Could you repeat the records shown below exactly as written?

Records from a dataset:
● ● ● ● ● ● ●
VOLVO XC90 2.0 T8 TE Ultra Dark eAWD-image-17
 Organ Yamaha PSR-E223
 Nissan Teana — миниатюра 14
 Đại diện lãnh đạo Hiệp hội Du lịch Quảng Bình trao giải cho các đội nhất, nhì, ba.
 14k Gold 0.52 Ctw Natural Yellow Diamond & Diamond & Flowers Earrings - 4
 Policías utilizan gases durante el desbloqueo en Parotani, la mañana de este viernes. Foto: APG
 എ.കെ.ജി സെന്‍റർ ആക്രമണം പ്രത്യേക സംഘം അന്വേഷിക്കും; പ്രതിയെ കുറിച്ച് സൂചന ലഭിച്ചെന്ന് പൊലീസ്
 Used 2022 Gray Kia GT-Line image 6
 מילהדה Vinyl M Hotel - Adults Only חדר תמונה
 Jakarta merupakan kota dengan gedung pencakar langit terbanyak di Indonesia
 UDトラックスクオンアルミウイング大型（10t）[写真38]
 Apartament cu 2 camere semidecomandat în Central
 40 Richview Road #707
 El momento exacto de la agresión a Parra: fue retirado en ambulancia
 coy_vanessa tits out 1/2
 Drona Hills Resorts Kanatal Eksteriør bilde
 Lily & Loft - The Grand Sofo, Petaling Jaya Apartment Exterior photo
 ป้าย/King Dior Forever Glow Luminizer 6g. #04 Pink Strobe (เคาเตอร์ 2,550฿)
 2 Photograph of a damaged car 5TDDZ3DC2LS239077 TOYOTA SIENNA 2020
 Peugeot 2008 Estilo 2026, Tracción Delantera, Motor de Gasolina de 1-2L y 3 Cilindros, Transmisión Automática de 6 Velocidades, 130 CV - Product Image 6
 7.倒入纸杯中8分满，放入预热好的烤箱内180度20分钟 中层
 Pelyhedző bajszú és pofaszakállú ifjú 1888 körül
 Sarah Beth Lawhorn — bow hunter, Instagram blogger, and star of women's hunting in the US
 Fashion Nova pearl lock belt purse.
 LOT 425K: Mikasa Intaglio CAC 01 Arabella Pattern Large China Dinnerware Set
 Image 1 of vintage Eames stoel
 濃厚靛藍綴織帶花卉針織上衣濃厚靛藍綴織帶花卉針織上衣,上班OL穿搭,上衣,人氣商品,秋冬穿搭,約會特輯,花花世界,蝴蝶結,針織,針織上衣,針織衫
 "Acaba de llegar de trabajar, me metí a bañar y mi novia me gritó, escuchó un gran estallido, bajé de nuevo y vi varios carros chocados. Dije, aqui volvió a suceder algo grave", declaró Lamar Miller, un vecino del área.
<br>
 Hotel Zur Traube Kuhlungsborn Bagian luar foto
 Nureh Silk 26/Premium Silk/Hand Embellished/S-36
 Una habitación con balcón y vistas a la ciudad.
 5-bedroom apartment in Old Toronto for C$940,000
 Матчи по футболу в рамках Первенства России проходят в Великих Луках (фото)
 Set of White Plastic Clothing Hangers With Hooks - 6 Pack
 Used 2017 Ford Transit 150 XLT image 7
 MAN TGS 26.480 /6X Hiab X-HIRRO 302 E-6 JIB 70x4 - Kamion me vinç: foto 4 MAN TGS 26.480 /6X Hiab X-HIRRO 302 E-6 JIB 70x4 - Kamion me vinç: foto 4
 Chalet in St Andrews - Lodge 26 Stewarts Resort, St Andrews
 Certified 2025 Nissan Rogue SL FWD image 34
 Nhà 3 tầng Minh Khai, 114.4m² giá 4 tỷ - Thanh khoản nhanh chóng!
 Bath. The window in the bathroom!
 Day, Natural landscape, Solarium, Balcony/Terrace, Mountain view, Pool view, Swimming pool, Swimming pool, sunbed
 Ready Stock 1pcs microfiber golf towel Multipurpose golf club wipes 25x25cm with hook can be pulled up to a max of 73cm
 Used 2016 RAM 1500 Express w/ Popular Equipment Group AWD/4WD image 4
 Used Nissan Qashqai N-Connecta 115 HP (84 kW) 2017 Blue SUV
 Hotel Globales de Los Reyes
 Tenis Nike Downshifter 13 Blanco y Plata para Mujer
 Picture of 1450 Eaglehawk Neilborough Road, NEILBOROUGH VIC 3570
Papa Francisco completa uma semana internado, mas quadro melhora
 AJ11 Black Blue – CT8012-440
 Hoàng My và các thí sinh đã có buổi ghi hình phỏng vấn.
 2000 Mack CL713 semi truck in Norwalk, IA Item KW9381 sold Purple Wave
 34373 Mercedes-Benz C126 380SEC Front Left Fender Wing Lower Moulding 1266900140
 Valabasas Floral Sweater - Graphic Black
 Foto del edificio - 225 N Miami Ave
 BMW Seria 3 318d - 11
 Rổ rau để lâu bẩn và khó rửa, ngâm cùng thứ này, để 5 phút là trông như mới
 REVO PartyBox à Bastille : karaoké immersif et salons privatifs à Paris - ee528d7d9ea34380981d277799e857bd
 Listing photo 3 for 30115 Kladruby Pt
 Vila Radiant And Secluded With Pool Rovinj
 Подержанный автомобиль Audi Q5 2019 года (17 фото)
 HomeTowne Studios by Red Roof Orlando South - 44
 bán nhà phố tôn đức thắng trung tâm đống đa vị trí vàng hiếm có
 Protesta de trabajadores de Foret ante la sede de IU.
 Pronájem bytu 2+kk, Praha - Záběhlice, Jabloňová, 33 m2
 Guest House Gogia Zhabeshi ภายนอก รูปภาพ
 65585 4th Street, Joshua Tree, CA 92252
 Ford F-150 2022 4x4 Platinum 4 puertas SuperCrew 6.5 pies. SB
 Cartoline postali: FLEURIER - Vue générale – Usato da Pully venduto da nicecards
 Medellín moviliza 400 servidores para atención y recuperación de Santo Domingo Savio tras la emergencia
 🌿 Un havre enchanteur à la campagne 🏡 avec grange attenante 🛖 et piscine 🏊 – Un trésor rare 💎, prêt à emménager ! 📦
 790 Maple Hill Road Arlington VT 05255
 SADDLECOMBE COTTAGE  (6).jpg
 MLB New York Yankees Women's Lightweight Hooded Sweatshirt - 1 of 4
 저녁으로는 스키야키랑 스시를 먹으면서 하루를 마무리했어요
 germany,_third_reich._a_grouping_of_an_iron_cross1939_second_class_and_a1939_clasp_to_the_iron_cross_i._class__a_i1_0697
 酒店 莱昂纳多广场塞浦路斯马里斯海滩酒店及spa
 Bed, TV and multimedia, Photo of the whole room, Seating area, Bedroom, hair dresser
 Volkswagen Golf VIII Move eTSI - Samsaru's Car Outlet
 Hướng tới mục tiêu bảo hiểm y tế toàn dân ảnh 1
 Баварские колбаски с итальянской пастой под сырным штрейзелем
● ● ● ● ● ● ●
● **Answer to this task**
VOLVO XC90 2.0 T8 TE Ultra Dark eAWD-image-17
 Organ Yamaha PSR-E223
 Nissan Teana — миниатюра 14
 Đại diện lãnh đạo Hiệp hội Du lịch Quảng Bình trao giải cho các đội nhất, nhì, ba.
 14k Gold 0.52 Ctw Natural Yellow Diamond & Diamond & Flowers Earrings - 4
 Policías utilizan gases durante el desbloqueo en Parotani, la mañana de este viernes. Foto: APG
 എ.കെ.ജി സെന്‍റർ ആക്രമണം പ്രത്യേക സംഘം അന്വേഷിക്കും; പ്രതിയെ കുറിച്ച് സൂചന ലഭിച്ചെന്ന് പൊലീസ്
 Used 2022 Gray Kia GT-Line image 6
 מילהדה Vinyl M Hotel - Adults Only חדר תמונה
 Jakarta merupakan kota dengan gedung pencakar langit terbanyak di Indonesia
 UDトラックスクオンアルミウイング大型（10t）[写真38]
 Apartament cu 2 camere semidecomandat în Central
 40 Richview Road #707
 El momento exacto de la agresión a Parra: fue retirado en ambulancia
 coy_vanessa tits out 1/2
 Drona Hills Resorts Kanatal Eksteriør bilde
 Lily & Loft - The Grand Sofo, Petaling Jaya Apartment Exterior photo
 ป้าย/King Dior Forever Glow Luminizer 6g. #04 Pink Strobe (เคาเตอร์ 2,550฿)
 2 Photograph of a damaged car 5TDDZ3DC2LS239077 TOYOTA SIENNA 2020
 Peugeot 2008 Estilo 2026, Tracción Delantera, Motor de Gasolina de 1-2L y 3 Cilindros, Transmisión Automática de 6 Velocidades, 130 CV - Product Image 6
 7.倒入纸杯中8分满，放入预热好的烤箱内180度20分钟 中层
 Pelyhedző bajszú és pofaszakállú ifjú 1888 körül
 Sarah Beth Lawhorn — bow hunter, Instagram blogger, and star of women's hunting in the US
 Fashion Nova pearl lock belt purse.
 LOT 425K: Mikasa Intaglio CAC 01 Arabella Pattern Large China Dinnerware Set
 Image 1 of vintage Eames stoel
 濃厚靛藍綴織帶花卉針織上衣濃厚靛藍綴織帶花卉針織上衣,上班OL穿搭,上衣,人氣商品,秋冬穿搭,約會特輯,花花世界,蝴蝶結,針織,針織上衣,針織衫
 "Acaba de llegar de trabajar, me metí a bañar y mi novia me gritó, escuchó un gran estallido, bajé de nuevo y vi varios carros chocados. Dije, aqui volvió a suceder algo grave", declaró Lamar Miller, un vecino del área.
<br>
 Hotel Zur Traube Kuhlungsborn Bagian luar foto
 Nureh Silk 26/Premium Silk/Hand Embellished/S-36
 Una habitación con balcón y vistas a la ciudad.
 5-bedroom apartment in Old Toronto for C$940,000
 Матчи по футболу в рамках Первенства России проходят в Великих Луках (фото)
 Set of White Plastic Clothing Hangers With Hooks - 6 Pack
 Used 2017 Ford Transit 150 XLT image 7
 MAN TGS 26.480 /6X Hiab X-HIRRO 302 E-6 JIB 70x4 - Kamion me vinç: foto 4 MAN TGS 26.480 /6X Hiab X-HIRRO 302 E-6 JIB 70x4 - Kamion me vinç: foto 4
 Chalet in St Andrews - Lodge 26 Stewarts Resort, St Andrews
 Certified 2025 Nissan Rogue SL FWD image 34
 Nhà 3 tầng Minh Khai, 114.4m² giá 4 tỷ - Thanh khoản nhanh chóng!
 Bath. The window in the bathroom!
 Day, Natural landscape, Solarium, Balcony/Terrace, Mountain view, Pool view, Swimming pool, Swimming pool, sunbed
 Ready Stock 1pcs microfiber golf towel Multipurpose golf club wipes 25x25cm with hook can be pulled up to a max of 73cm
 Used 2016 RAM 1500 Express w/ Popular Equipment Group AWD/4WD image 4
 Used Nissan Qashqai N-Connecta 115 HP (84 kW) 2017 Blue SUV
 Hotel Globales de Los Reyes
 Tenis Nike Downshifter 13 Blanco y Plata para Mujer
 Picture of 1450 Eaglehawk Neilborough Road, NEILBOROUGH VIC 3570
Papa Francisco completa uma semana internado, mas quadro melhora
 AJ11 Black Blue – CT8012-440
 Hoàng My và các thí sinh đã có buổi ghi hình phỏng vấn.
 2000 Mack CL713 semi truck in Norwalk, IA Item KW9381 sold Purple Wave
 34373 Mercedes-Benz C126 380SEC Front Left Fender Wing Lower Moulding 1266900140
 Valabasas Floral Sweater - Graphic Black
 Foto del edificio - 225 N Miami Ave
 BMW Seria 3 318d - 11
 Rổ rau để lâu bẩn và khó rửa, ngâm cùng thứ này, để 5 phút là trông như mới
 REVO PartyBox à Bastille : karaoké immersif et salons privatifs à Paris - ee528d7d9ea34380981d277799e857bd
 Listing photo 3 for 30115 Kladruby Pt
 Vila Radiant And Secluded With Pool Rovinj
 Подержанный автомобиль Audi Q5 2019 года (17 фото)
 HomeTowne Studios by Red Roof Orlando South - 44
 bán nhà phố tôn đức thắng trung tâm đống đa vị trí vàng hiếm có
 Protesta de trabajadores de Foret ante la sede de IU.
 Pronájem bytu 2+kk, Praha - Záběhlice, Jabloňová, 33 m2
 Guest House Gogia Zhabeshi ภายนอก รูปภาพ
 65585 4th Street, Joshua Tree, CA 92252
 Ford F-150 2022 4x4 Platinum 4 puertas SuperCrew 6.5 pies. SB
 Cartoline postali: FLEURIER - Vue générale – Usato da Pully venduto da nicecards
 Medellín moviliza 400 servidores para atención y recuperación de Santo Domingo Savio tras la emergencia
 🌿 Un havre enchanteur à la campagne 🏡 avec grange attenante 🛖 et piscine 🏊 – Un trésor rare 💎, prêt à emménager ! 📦
 790 Maple Hill Road Arlington VT 05255
 SADDLECOMBE COTTAGE  (6).jpg
 MLB New York Yankees Women's Lightweight Hooded Sweatshirt - 1 of 4
 저녁으로는 스키야키랑 스시를 먹으면서 하루를 마무리했어요
 germany,_third_reich._a_grouping_of_an_iron_cross1939_second_class_and_a1939_clasp_to_the_iron_cross_i._class__a_i1_0697
 酒店 莱昂纳多广场塞浦路斯马里斯海滩酒店及spa
 Bed, TV and multimedia, Photo of the whole room, Seating area, Bedroom, hair dresser
 Volkswagen Golf VIII Move eTSI - Samsaru's Car Outlet
 Hướng tới mục tiêu bảo hiểm y tế toàn dân ảnh 1
 Баварские колбаски с итальянской пастой под сырным штрейзелем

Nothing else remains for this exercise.